WHAT TO WORK ON> Locate every line in the records below that holds the word "Black" and return each one.

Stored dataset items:
==*==

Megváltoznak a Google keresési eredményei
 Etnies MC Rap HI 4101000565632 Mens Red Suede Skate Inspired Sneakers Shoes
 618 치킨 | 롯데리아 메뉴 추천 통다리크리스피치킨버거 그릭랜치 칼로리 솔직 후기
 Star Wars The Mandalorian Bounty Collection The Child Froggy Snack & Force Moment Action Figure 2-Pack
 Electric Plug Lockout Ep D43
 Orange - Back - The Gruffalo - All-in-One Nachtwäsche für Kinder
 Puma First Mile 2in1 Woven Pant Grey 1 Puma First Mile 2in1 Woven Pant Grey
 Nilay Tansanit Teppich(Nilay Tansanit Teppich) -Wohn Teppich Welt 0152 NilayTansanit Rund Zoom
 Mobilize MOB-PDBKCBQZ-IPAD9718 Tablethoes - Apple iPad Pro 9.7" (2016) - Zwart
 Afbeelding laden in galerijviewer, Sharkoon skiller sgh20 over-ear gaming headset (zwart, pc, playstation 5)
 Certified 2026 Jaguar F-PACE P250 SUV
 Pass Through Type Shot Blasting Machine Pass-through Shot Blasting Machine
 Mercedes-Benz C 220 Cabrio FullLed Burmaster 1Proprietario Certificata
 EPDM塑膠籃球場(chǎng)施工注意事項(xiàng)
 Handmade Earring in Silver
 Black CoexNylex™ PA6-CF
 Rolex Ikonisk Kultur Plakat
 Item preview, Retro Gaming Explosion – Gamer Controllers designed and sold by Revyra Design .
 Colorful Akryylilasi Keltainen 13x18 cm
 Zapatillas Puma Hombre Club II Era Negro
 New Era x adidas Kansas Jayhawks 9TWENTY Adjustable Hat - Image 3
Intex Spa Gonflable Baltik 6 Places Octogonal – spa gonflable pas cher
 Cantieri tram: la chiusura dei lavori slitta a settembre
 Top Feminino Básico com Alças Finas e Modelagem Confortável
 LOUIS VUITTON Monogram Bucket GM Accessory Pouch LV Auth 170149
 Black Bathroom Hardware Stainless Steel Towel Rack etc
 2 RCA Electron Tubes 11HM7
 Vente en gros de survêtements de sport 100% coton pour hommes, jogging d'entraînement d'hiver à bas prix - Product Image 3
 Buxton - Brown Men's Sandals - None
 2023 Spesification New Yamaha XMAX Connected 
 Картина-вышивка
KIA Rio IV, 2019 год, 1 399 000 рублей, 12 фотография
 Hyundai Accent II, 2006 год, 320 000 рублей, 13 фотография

==*==

RESPONSE TO THIS TASK>
 Black CoexNylex™ PA6-CF
 Black Bathroom Hardware Stainless Steel Towel Rack etc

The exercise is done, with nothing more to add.